_Exercise description_: Two lines mark the range in the entries below: the one holding "Tote Bag Madame" and the one holding "How to do a". Set down those two and all lines between them, exactly.
━━━━━ Source information
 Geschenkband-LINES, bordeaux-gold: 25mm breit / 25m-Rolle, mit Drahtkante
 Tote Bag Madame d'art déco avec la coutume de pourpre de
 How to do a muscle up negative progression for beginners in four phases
━━━━━━━━━━
━━━━━ Source information
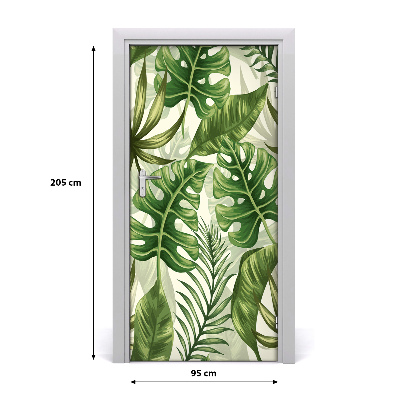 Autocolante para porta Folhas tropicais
━━━━━━━━━━
_Output for this exercise_:
 Tote Bag Madame d'art déco avec la coutume de pourpre de
 How to do a muscle up negative progression for beginners in four phases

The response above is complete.